Hoje foi um dia em grande. Pelo menos para a carraçinha. Acordou super-bem-disposto. E todo animado, porque logo de manhã me viu a preparar o coelho para deixar a marinar para o almoço. Adorou ver tudo, sobretudo os rins, pulmões, fígado, coração, olhos, dentes e língua. Que excitação. Depois veio a sessão de cinema. "A ilha do Impy", um pequeno dinossauro numa ilha com poucos habitantes mas com muitas aventuras. Ainda por cima, visto ao lado do amiguinho da escola. Que farra. Depois o almoço com o avô, que teve de ouvir as aventuras deste dia já looongo, apesar de ainda ser manhã. Depois mais uma visita à avó. Desta vez com direito a explorar a horta do namorado dela.

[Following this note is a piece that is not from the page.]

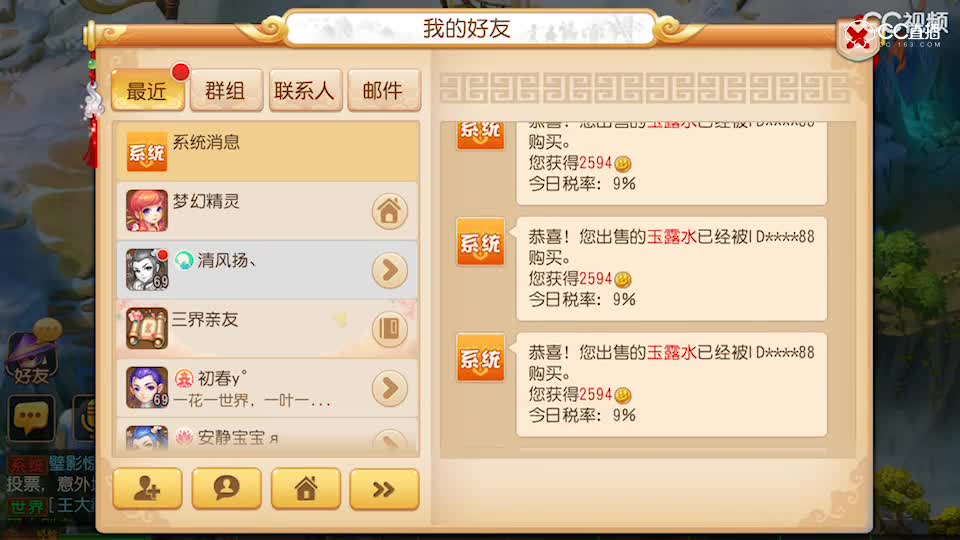 视频封面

E ainda tivemos a surpresa de nos depararmos com um periquito à solta, a descansar no ramo da romãzeira. Tão sossegadinho, parecia aquilo uma imagem corriqueira cá por estes lados.

Na horta, à beira do ribeiro com agriões, tempo para apanhar caracóis.

E admirar as vistas.

E ouvir os badalos das cabritas que, ao nos verem ao longe, vieram todas doidas por aí acima à espera que tivessemos algo mais saboroso para elas comerem do que aquela erva boa mas chata de todos os dias. Chegadas cá acima foi o desencanto total, mas fizeram as nossas delícias, porque elas são mesmo giras. Enfim, um dia cheio de calor, um dia cheio de moleza, quebrados da grande azáfama da semana, mas a carraçita fez a festa toda e nós assistimos. Só tínhamos de bater palmas de vez em quando...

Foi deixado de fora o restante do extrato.